## What is required
Look through the records below for the line holding "Captured homepage of". Write it out exactly, with each following line through the line holding "Set van 4 T-shirts".

## Data for this exercise
==================================================
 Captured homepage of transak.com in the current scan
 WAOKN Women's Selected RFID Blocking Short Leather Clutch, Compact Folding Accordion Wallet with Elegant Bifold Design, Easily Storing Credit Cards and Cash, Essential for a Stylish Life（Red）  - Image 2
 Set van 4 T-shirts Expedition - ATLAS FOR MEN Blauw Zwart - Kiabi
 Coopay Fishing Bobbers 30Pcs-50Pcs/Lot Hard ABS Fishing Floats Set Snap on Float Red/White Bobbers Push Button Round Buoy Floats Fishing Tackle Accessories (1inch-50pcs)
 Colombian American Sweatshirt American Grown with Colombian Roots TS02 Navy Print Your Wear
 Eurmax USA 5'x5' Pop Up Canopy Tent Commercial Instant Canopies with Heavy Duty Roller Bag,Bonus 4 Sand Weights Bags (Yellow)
==================================================
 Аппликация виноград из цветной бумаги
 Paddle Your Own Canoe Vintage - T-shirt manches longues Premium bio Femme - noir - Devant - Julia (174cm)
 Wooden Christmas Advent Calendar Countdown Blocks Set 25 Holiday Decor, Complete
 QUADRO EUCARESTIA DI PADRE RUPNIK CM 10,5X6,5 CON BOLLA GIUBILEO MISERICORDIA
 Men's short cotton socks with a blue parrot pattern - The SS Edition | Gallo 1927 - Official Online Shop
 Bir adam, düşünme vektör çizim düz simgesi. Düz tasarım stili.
==================================================
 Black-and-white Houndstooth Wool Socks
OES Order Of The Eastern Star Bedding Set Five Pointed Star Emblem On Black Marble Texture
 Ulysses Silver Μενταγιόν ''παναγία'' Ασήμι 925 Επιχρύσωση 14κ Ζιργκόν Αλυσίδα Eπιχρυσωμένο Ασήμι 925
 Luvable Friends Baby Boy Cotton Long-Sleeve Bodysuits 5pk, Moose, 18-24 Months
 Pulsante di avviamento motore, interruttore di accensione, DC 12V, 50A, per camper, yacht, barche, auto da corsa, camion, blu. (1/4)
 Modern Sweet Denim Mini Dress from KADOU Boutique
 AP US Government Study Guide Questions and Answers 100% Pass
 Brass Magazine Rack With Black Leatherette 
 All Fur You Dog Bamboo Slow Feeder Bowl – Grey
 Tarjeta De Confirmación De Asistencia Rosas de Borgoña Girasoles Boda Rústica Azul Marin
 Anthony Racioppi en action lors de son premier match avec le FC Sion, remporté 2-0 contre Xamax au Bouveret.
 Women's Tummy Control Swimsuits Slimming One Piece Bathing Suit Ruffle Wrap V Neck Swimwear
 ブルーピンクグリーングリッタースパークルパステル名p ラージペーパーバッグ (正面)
==================================================
## Exercise answer
 Captured homepage of transak.com in the current scan
 WAOKN Women's Selected RFID Blocking Short Leather Clutch, Compact Folding Accordion Wallet with Elegant Bifold Design, Easily Storing Credit Cards and Cash, Essential for a Stylish Life（Red）  - Image 2
 Set van 4 T-shirts Expedition - ATLAS FOR MEN Blauw Zwart - Kiabi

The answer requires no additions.